I had hoped to be able to brag in this blog this week about finishing the first draft of my new Inspector Green novel, which has been trundling along at a leisurely pace since last winter. I had set the goal of September 15 to get to the end, but unfortunately, this novel refuses to end. It is rambling on and on, which I know is not a good thing in any novel, let alone a mystery, but new complications keep cropping up and right now it feels like a tangled string.. It's supposed to be 90,000 words (give or take) and I am already at about 93,000, with the ending tantalizingly close but still playing hard to catch as I approach it. During rewrites, I do delete and tighten, but I also expand and enrich, so normally I end up with a fairly stable word count.

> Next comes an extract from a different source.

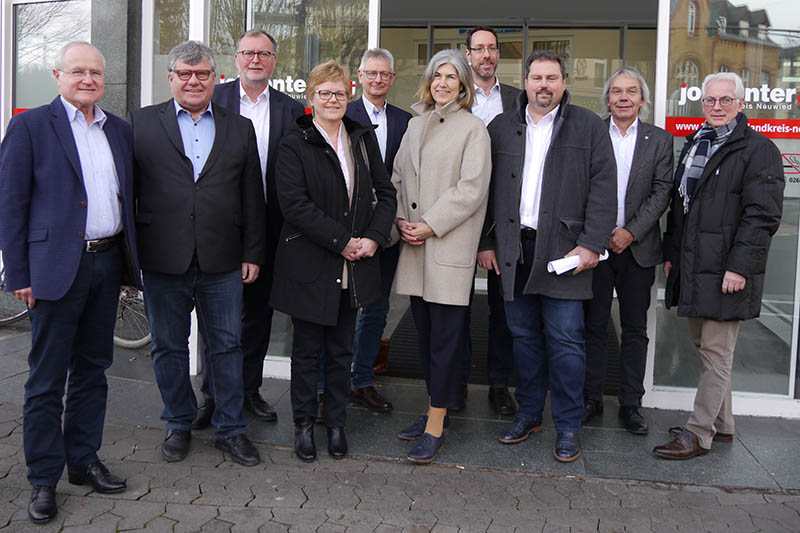 Von links: Manfred Plag (Geschftsfhrer), Michael Mahlert (Vorsitzender der Trgerversammlung), Karl-Ernst Starfeld (Leiter Arbeitsagentur Neuwied), Agnes Ulrich, Helmut Neitzert, Anita Baljevic, Mario Grgens, Michael Christ, Frank Potthast (Stellvertretender Geschftsfhrer Jobcenter), Volker Mendel. Foto: pr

When I am writing the first draft of a novel, I'm in creative mode and don't want to lose that edge and momentum by editing or rewriting as I go along. It's full steam ahead and fix the plot holes, wobbly characters, and dropped loose ends once I get the whole story down. Since I don't outline and only plot in fits and starts as the story evolves, I don't know what the story is about or its full shape, until I reach the end.
A lot of fixing and tidying happens in second draft, or third or fourth.
I suspect when I finally reach the end this time, I will have a lot of tidying up to do. I like my books to pick up momentum as they near the end, not ramble on with endless complications to be solved. I hope when I write my next blog in two weeks, I will have written The End and will have good news to report. It's a book, it's going to work, and I can fix this.